The first thing you’ll undoubtedly notice with the new WordPress Media Uploader is that it’s significantly nicer to look at and makes titling, editing, and captioning images a breeze.
This is great for any image search optimization you may be focusing on. The excuses keeping you from simple alt text and targeted image file names are pretty much thrown out the window.
The thing that bothered me about the new WordPress Media Uploader, though, is the default setting that creates a separate page for your image following the post path filename. For example:
This post’s URL: /wordpress-3-5-media-uploader-seo
Default Image URL: /wordpress-3-5-media-uploader-seo/new-wordpress-media-uploader
So essentially, WordPress appends the image file name onto the end of your post URL. What’s the big deal?
Seriously, What’s the Big Deal?
Unless you’re operating a blog that will benefit from a targeted focus on your photos (I’m thinking something along the lines of a photography blog, but I’m just one man), this can create an annoying glut of largely useless organic landing pages. And even if you ARE running a photo-focused site, you’re probably creating a landing page focused on your photos anyway. What good does it do you to have the following URLs available via search?
Original URL: /my-sweet-photos
WP Media Uploader URL: /my-sweet-photos/sweet-photo-1
Grand scheme of things, this isn’t going to tank your site’s SEO value or anything. But it IS going to create some initial URL confusion and bother the SEO inside of me.
Over time, there’s a 99% chance that Google sorts out the relevant post URL and this becomes a non-issue. But the first blog post I uploaded had some majorly bothersome primary URL confusion. When I searched for my posts’ core term, I would get several URLs with the photo URLs cluttering the search index. A good ol’ rel=canonical tag or noindex is the SEO’s go-to for situations like these, but why even create the need for that work?
In theory this might even sound like a good thing – you’re creating more possible ways internet users can find your site via search. How can that hurt?
The main problem is that those photo specific pages are a huge waste of anyone’s time. Unless they are specifically looking for an image (in which case they’re probably using the newfangled Google image search), any visits you get to a page like this are going to bounce.
The WP Media Uploader Fix
Ok: So it’s a minor annoyance. What are you gonna do about it? Curl up in a ball and weep? Passive aggressively resent WordPress for months in a row? Write to your Senator?

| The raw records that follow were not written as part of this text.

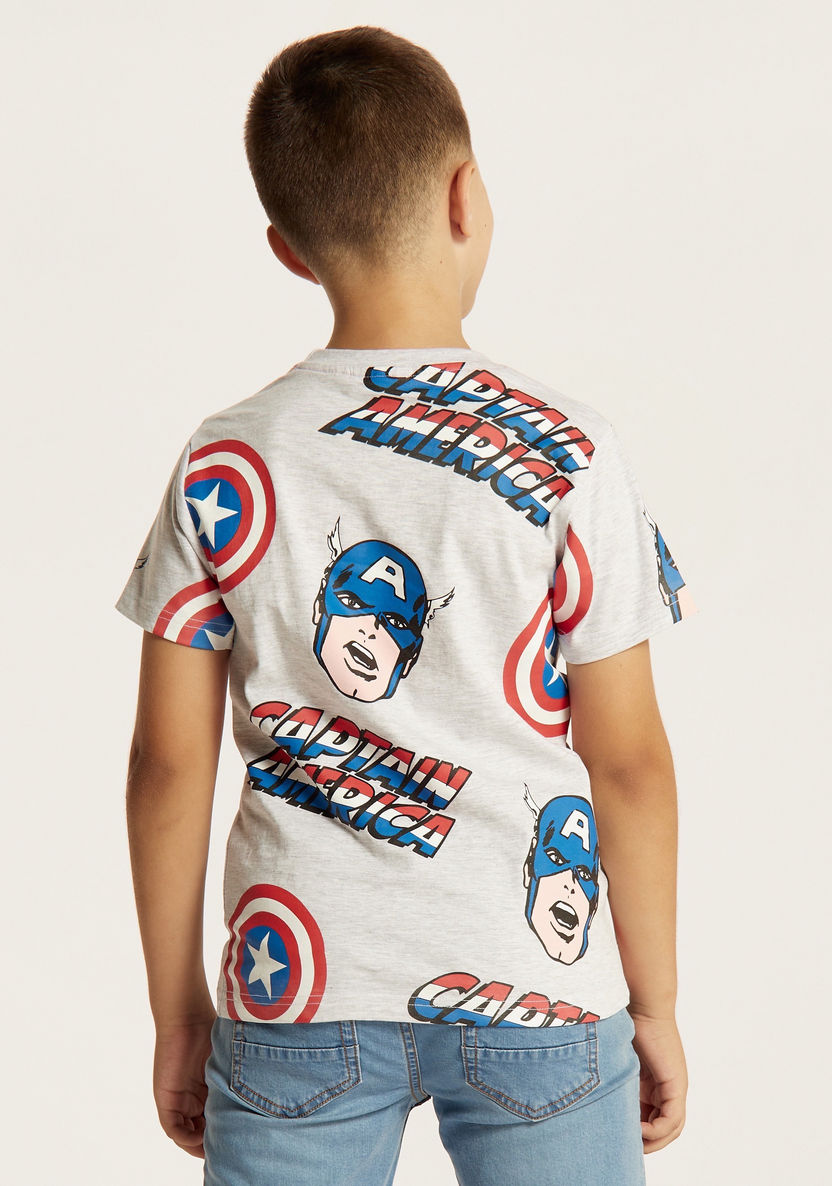 Captain America Print T-shirt with Crew Neck and Short Sleeves-T Shirts-image-3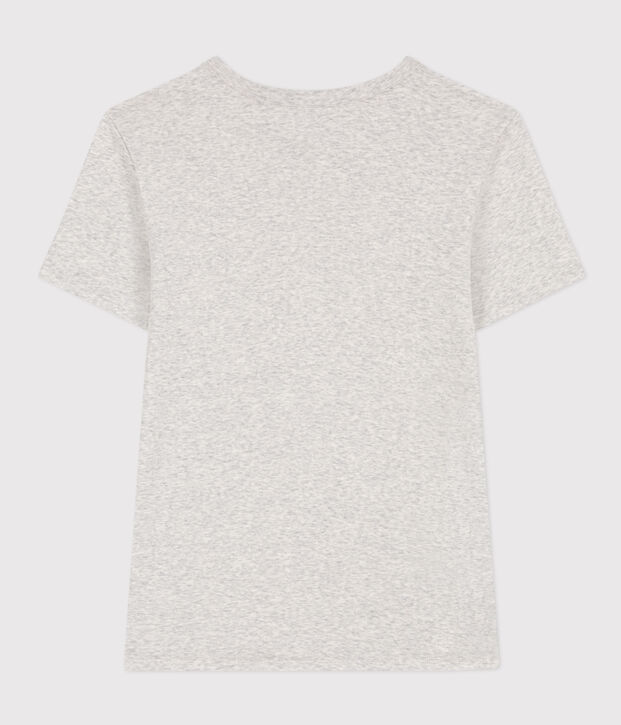 Tee-shirt L'ICONIQUE col rond en coton Femme gris chin&eacute; clair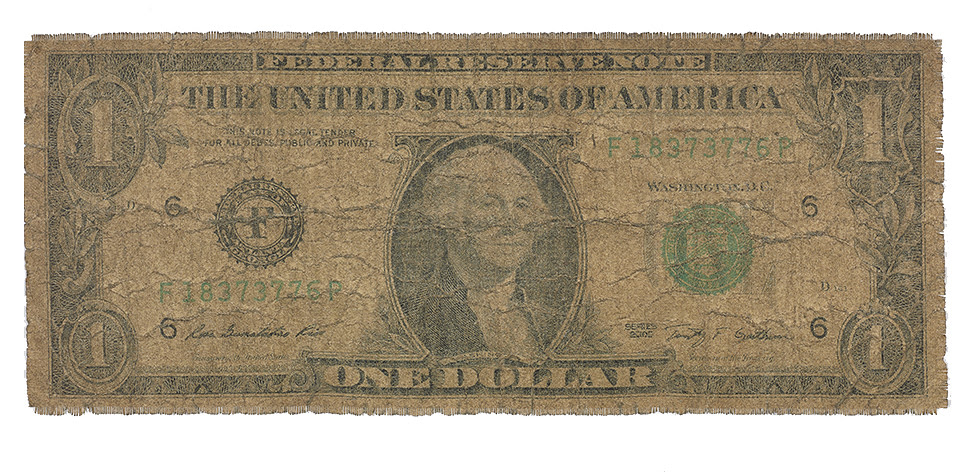   US$1 &nbsp;(2017) Large woven prints of filthy US$1 from Zimbabwe 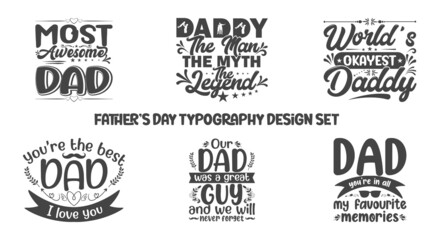 Fototapeta premium Dad Quotes SVG Designs Bundle. Dad quotes SVG cut files bundle, Dad quotes t shirt designs bundle, Quotes about Dad, Father cut files, Papa eps files, Father's day SVG bundle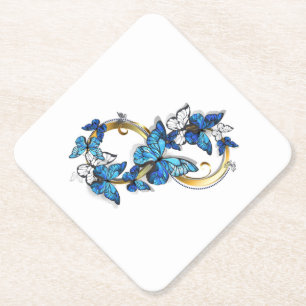 Posavasos De Papel Símbolo infinito de mariposas Morpho azules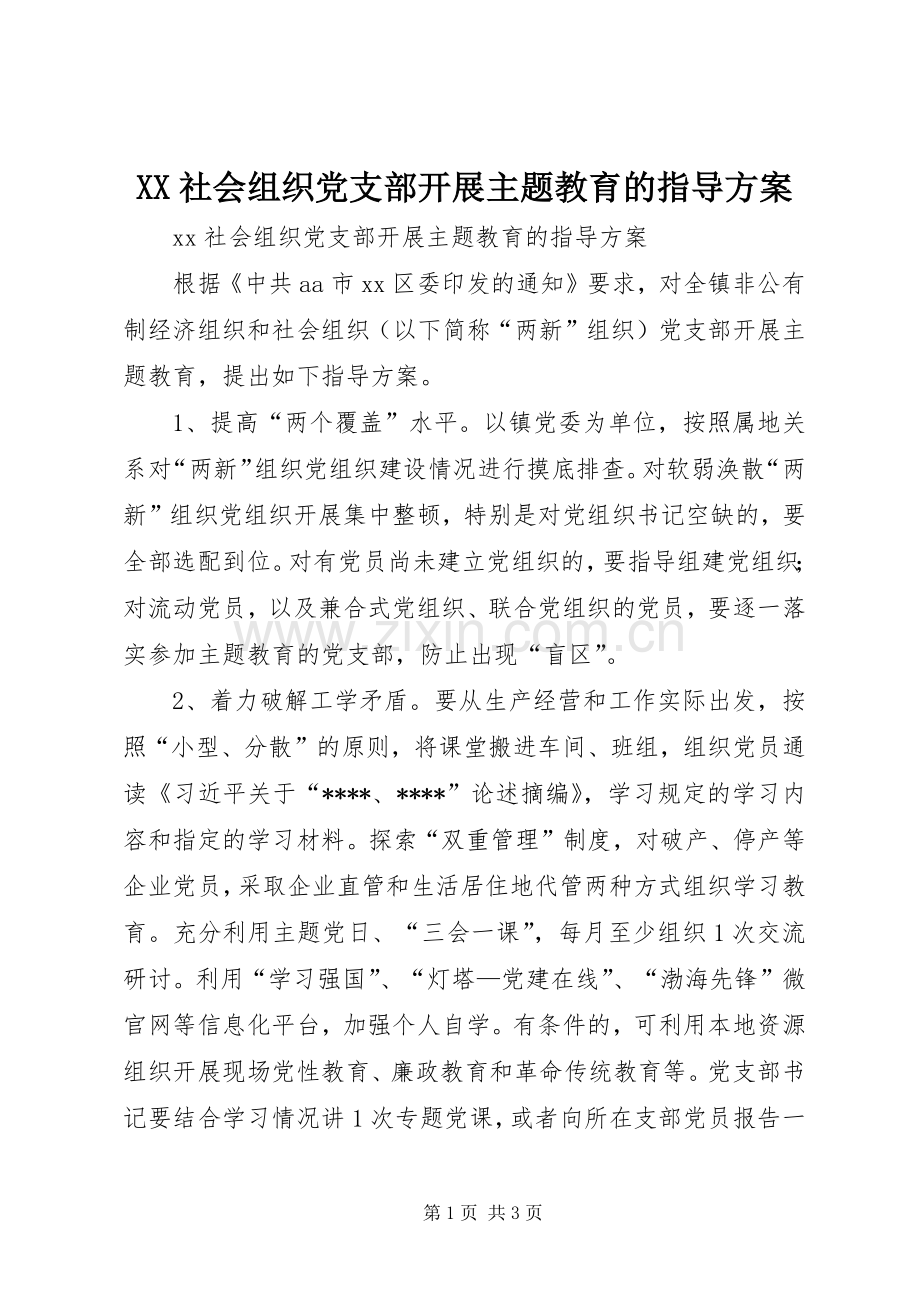 XX社会组织党支部开展主题教育的指导实施方案.docx_第1页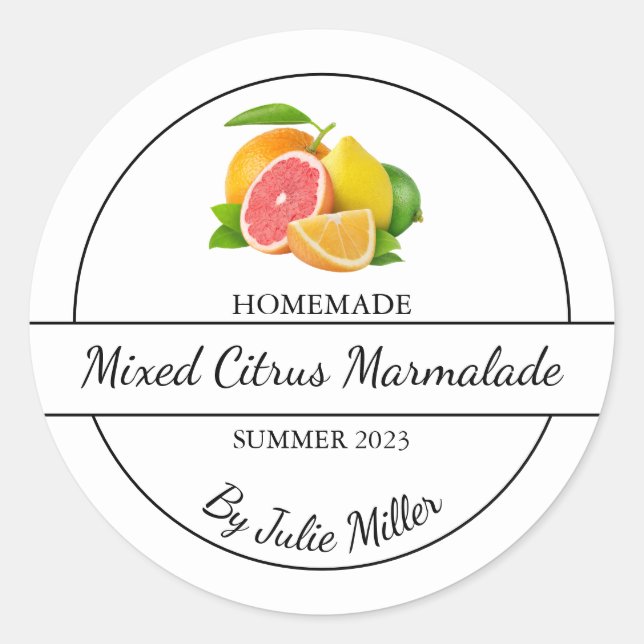 Simple Homemade mixed citrus marmalade Label (Front)
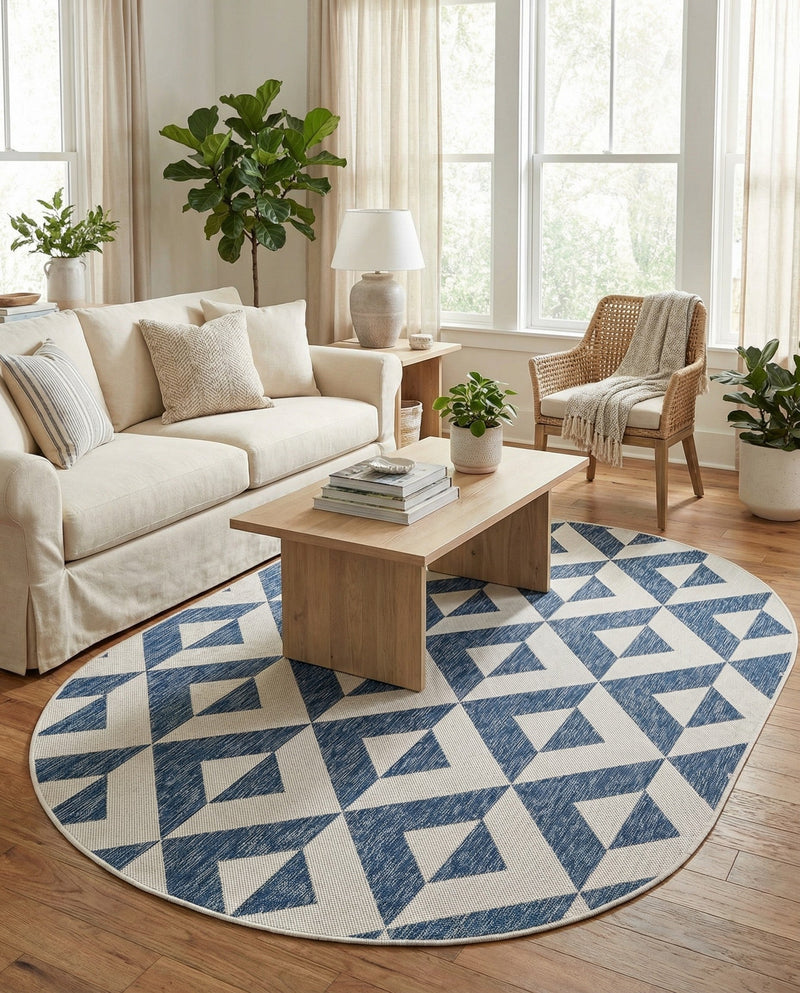 Urban Oasis Rugs Collection Area Rug -  Highrise (Blue) Oval Blue  lifestyle 49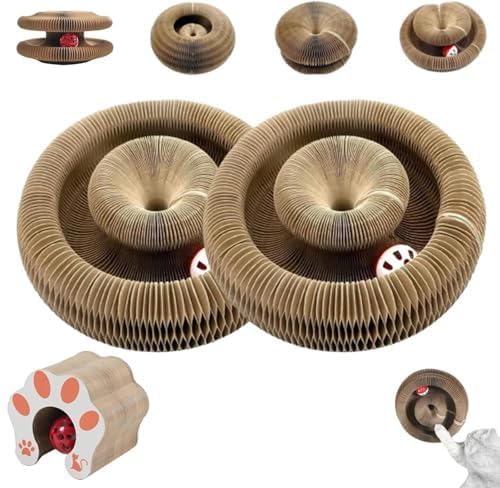 Photo 1 of Kitty Kurlz Cat Toy,Magic Organ Cat Toy,Magic Organ Cats Scratcher Board,Foldable Recyclable Accordion Toys with Ball for Cats Indoor(2pcs)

Fortunately, the answer is about as simple as they come: We just change the setting.
Within the WordPress Media Uploader, in the ‘Attachment Details’ section, you will just scroll down to the dropdown that reads ‘Link To.’ From there, change ‘Attachment Page’ to ‘Media File.’ This will prevent WordPress from creating a separate image-specific URL, and just link to the uploaded photo the way you’re used to. If someone clicks a photo in this case they’ll see /wp-content in the filename, and these sorts of files are almost uniformly kept out of Google’s index.